クロノス日本版で絶賛した「クリフトン ボーマティック」。ファーストモデルはバリバリの耐磁モデルだったが、翌年は耐磁用のインナーケースを加えた“普通の”モデルになってしまった。クロノス日本版では変わったのは残念と書いたが、実際はどうだったのか?
Text by Masayuki Hirota(Chronos-Japan)
「廉価版」という認識は勘違いであった
2020年版の「クリフトン ボーマティック」は、既存モデルのコスメティックチェンジでしかない。つまりは、2019年にリリースされた「普通」の耐磁モデルに同じである。しかし、筆者はどうも勘違いしていたようだ。
ボーム&メルシエ曰く「2019年モデルは、耐磁ケースを加えたが、裏蓋はシースルー」とのこと。つまり、時計を見ても、2018年モデル、19年モデル、20年モデルに違いはなかったのである。誤解を招いたのは、「耐磁ケースでムーブメントを包んだ」という説明だった。
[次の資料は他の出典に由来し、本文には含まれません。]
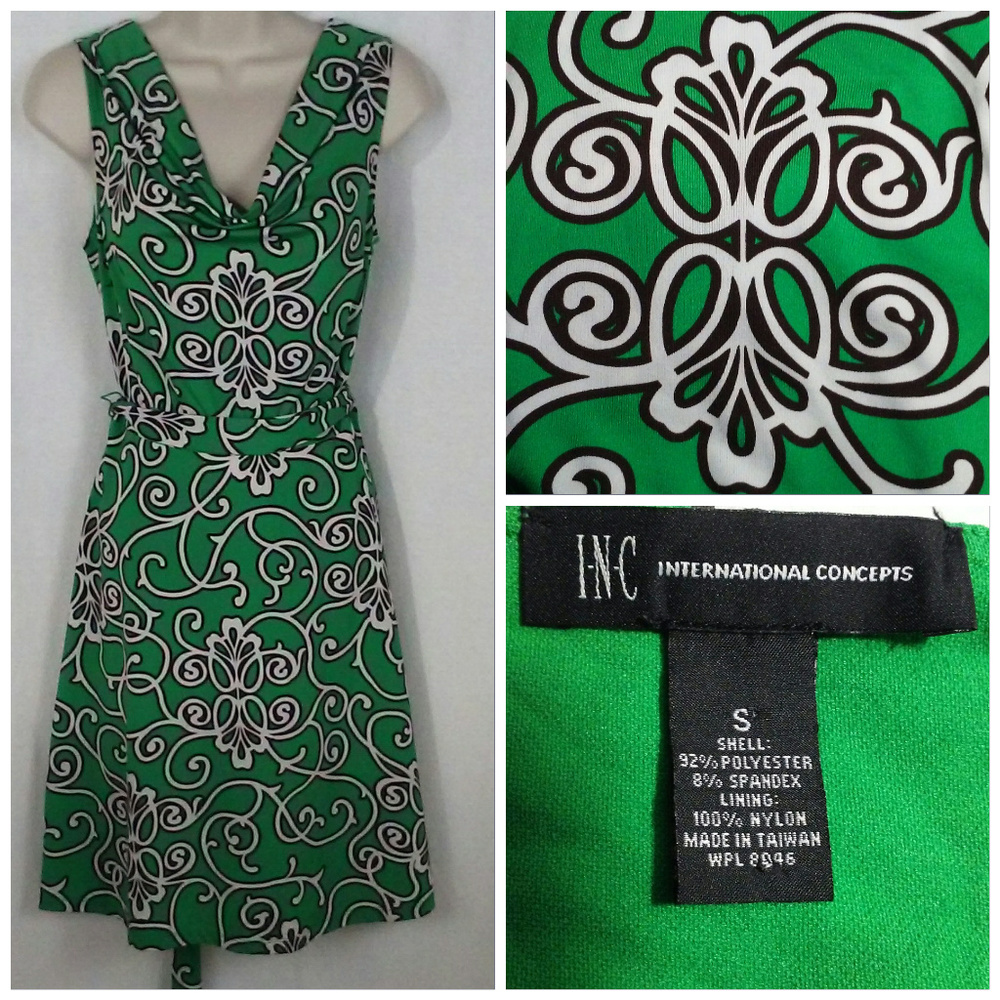 INC dress Size S Green White brown swirls Travel - Picture 2 of 7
2018年のボーマティックは、Cal.BM12-1975Aというムーブメントを載せていた。これは、シリコン製の脱進機とヒゲゼンマイにより、1500ガウスもの耐磁性能を持つムーブメントだった。2018年のプレスリリースには、シリコン製の新しいヒゲゼンマイ、ツインスピアに関する情報も丁寧に盛り込まれていた。『クロノス日本版』編集部はこのムーブメントに驚喜し、ムーブメントを開発したヴァルフルリエを訪問。この傑出したムーブメントに関する情報を、78号で(だいたい)あらいざらい書いたのだった。
翌年発表されたBM13-1975Aは何のインフォメーションもなかったが、耐磁性能は同じく1500ガウスだった。耐磁ケースを入れれば、シリコンヒゲや脱進機がなくても、これぐらいの耐磁性能は与えられる。つまりBM12を、BM13の廉価版と考えた人がいても不思議ではないし、かくいう筆者もそのひとりだった。
新しいボーマティックも1500ガウスの耐磁性能がありますよ
なお新しい「クリフトン ボーマティック デイト COSC」のリリースを見ても、1500ガウスの耐磁性があるとは一言も書かれていない。「自社開発自動巻きキャリバー、ボーマティックBM13 は、 5日間のパワーリザーブ機能を搭載した COSC (スイス公認クロノメーター検定協会)認定クロノメーターです」とあるのみだ。ついに耐磁性能がなくなってしまったのか、と失望していたころ、資料を開いていた編集部の細田がこう語った。「新しいボーマティックも1500ガウスの耐磁性能がありますよ」。確かに価格表を見ると、小さな文字で1500ガウス耐磁と書いてある。マジですか。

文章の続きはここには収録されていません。